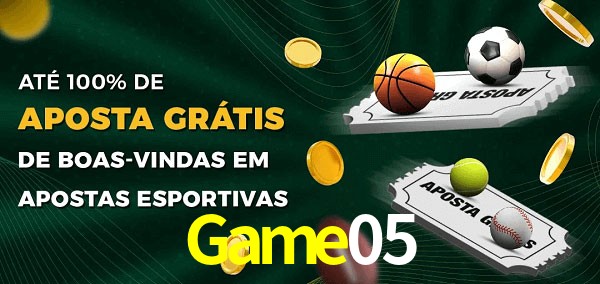 Game05 Ate 100% de Aposta Gratis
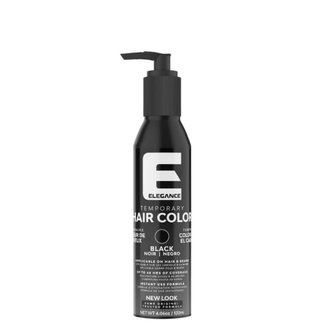 Elegance By Sadapack Coloration semi-permanente pour cheveux et barbe (120ml/4.08oz) Noir Elegance By Sadapack Coloration semi-permanente pour cheveux et barbe (120ml/4.08oz) Noir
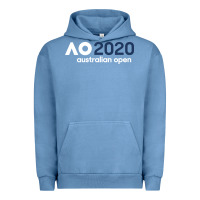 Pigment Pebble Blue australian open Urban Hoodie - artisFamous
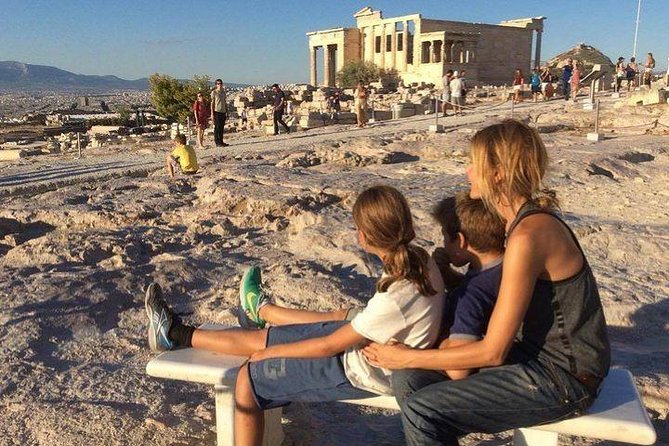 Private Acropolis for Families Tour - Athena’s olive tree and the first king of Athens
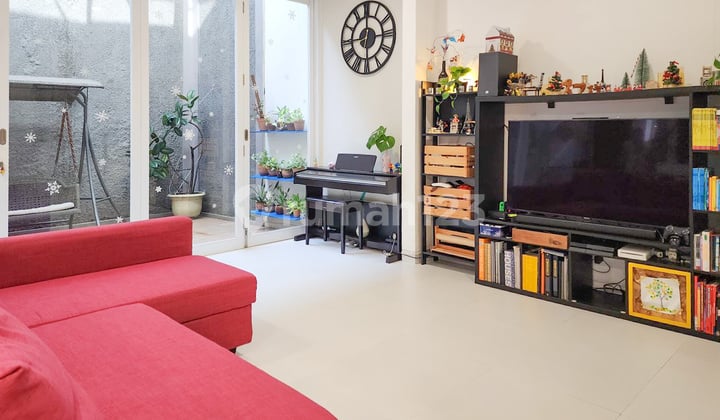 Rumah Nyaman Siap Huni di Discovery Bintaro Jaya Tangsel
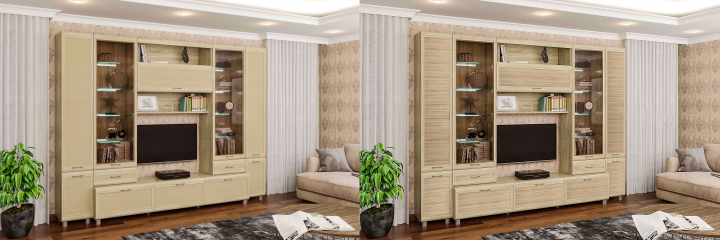 Смена фасада на мебели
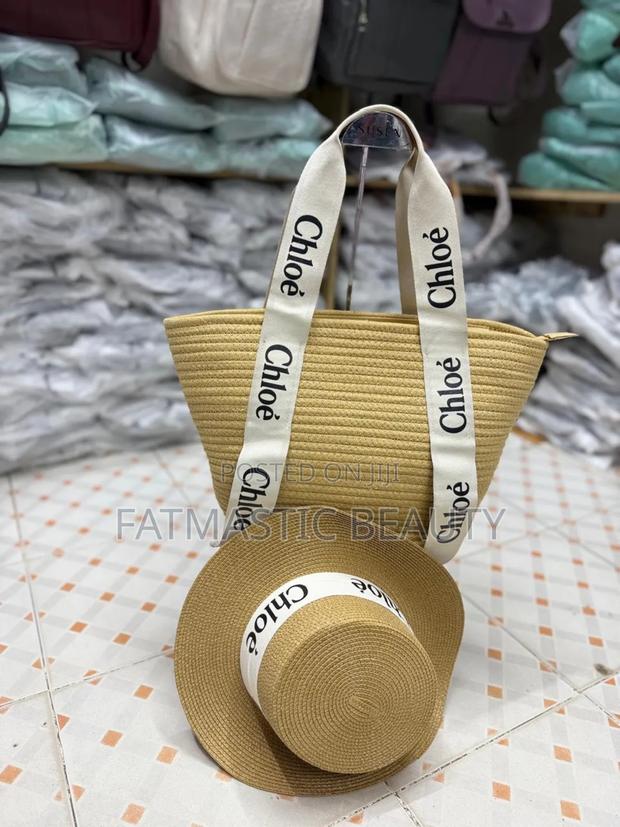 Chloe Bag With Hat - main view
+ + + +
- [Your task]
Give back exactly the lines from the line with "Pigment Pebble Blue" through the final line of the entries above, and keep pictures out of the copy.

- [Task solution]
 Pigment Pebble Blue australian open Urban Hoodie - artisFamous
 Private Acropolis for Families Tour - Athena’s olive tree and the first king of Athens
 Rumah Nyaman Siap Huni di Discovery Bintaro Jaya Tangsel
 Смена фасада на мебели
 Chloe Bag With Hat - main view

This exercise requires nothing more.